Since $\phi(\mathbb Z_p)$ is definable in $\mathbb Z_p$, it is also definable in the field $\mathbb Q_p$ endowed with a unary predicate for $\mathbb Z_p$. Macintyre [1] proved that such structures admit a form of quantifier elimination, and as a corollary (Thm. 2 on p. 609), every infinite definable set has a nonempty interior. Thus, there is $a_0\in\phi(\mathbb Z_p)$ and $k\ge0$ such that $a_0+p^k\mathbb Z_p\subseteq\phi(\mathbb Z_p)$. Let $a\in\mathbb Z_p$ be arbitrary, and let $b< p^k$ be a natural number such that $b\equiv a-a_0\pmod{p^k}$. Since $\phi(\mathbb Z_p)$ is closed under successor, we have $a\in b+a_0+p^k\mathbb Z_p\subseteq\phi(\mathbb Z_p)$. Thus, $\phi(\mathbb Z_p)=\mathbb Z_p$, i.e., $\mathbb Z_p\models\forall x\,\phi(x)$. QED
I suspect the following may work as additional countermodels (they are domains where $2$ is not a unit, the issue is whether they satisfy induction):
The ring of algebraic integers $\tilde{\mathbb Z}$. A form of quantifier elimination for $\tilde{\mathbb Z}$ was proved by van den Dries [2] and Prestel and Schmid [3], but the basic formulas are somewhat messy, so it is not immediately clear to me whether this implies induction.
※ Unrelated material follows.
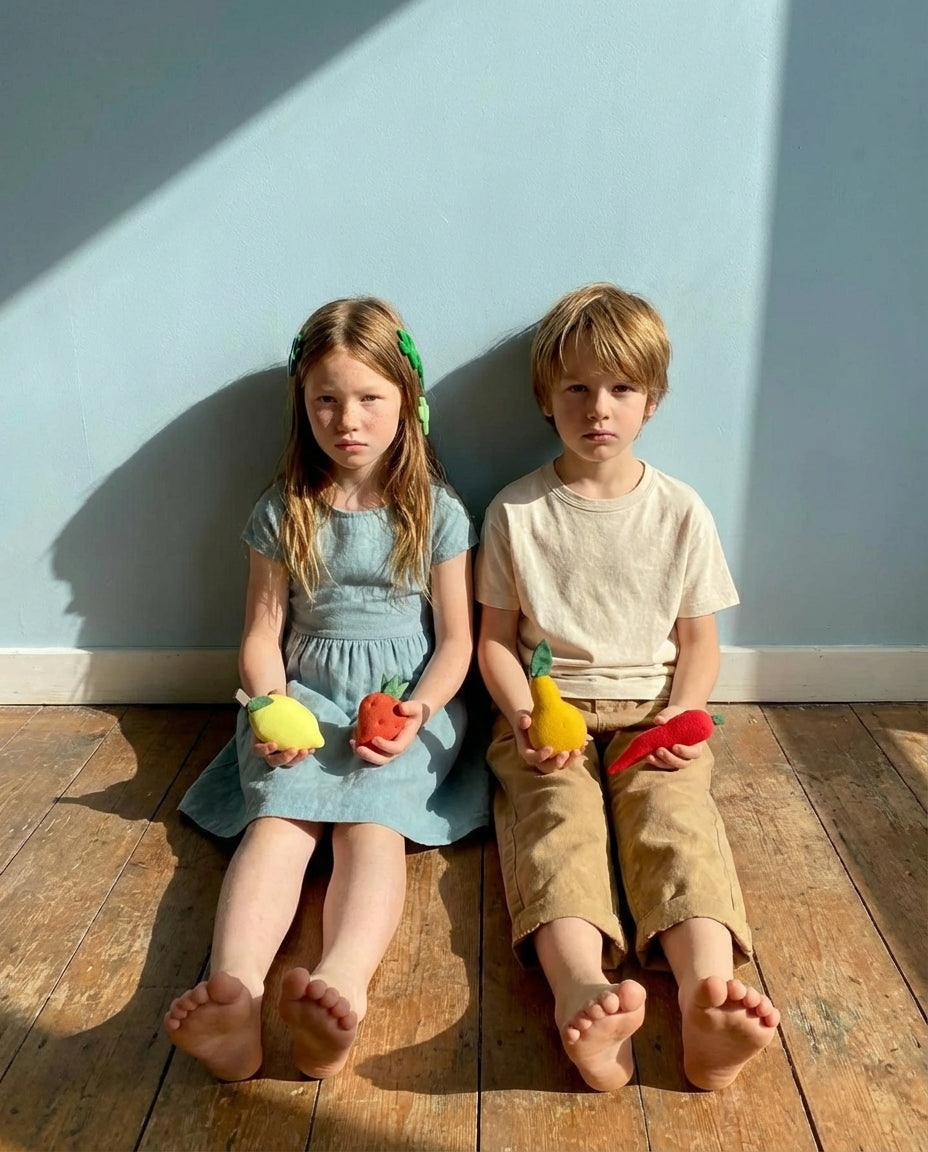Fabric Toy SPICY FRUITS (4 pieces)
The localization of $\tilde{\mathbb Z}$ at a maximal ideal containing $2$. Elimination of quantifiers for this (and similar) rings is reported as Fact 3 in [2], where it is attributed to [4]. It seems it could imply induction by a similar argument as for $\mathbb Z_p$.
[1] Angus Macintyre, On definable subsets of $p$-adic fields, Journal of Symbolic Logic 41 (1976), no. 3, pp. 605–610.
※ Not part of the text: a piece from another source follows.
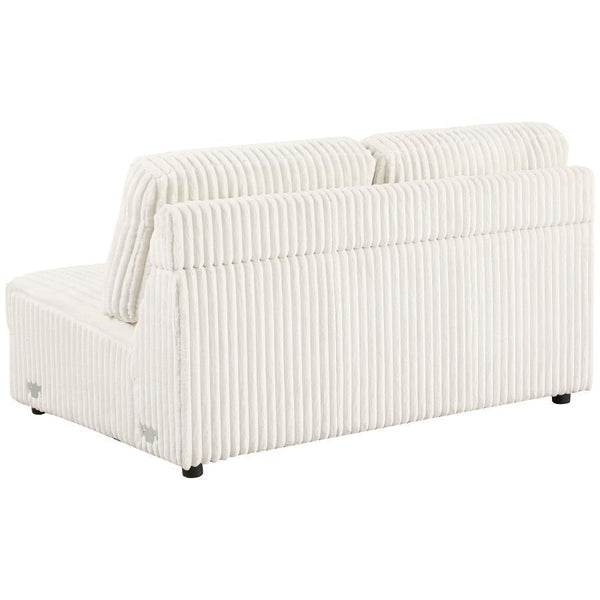 Emberson - Upholstered Armless Loveseat - Ivory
[2] Lou van den Dries, Elimination theory for the ring of algebraic integers, Journal für die reine und angewandte Mathematik 388 (1988), pp. 189–205.
[3] A. Prestel and J. Schmid, Existentially closed domains with radical relations, Journal für die reine und angewandte Mathematik 407 (1990), pp. 178–201.
[4] Angus Macintyre, Kenneth McKenna, Lou van den Dries, Elimination of quantifiers in algebraic structures, Advances in Mathematics 47 (1983), no. 1, pp. 74–87.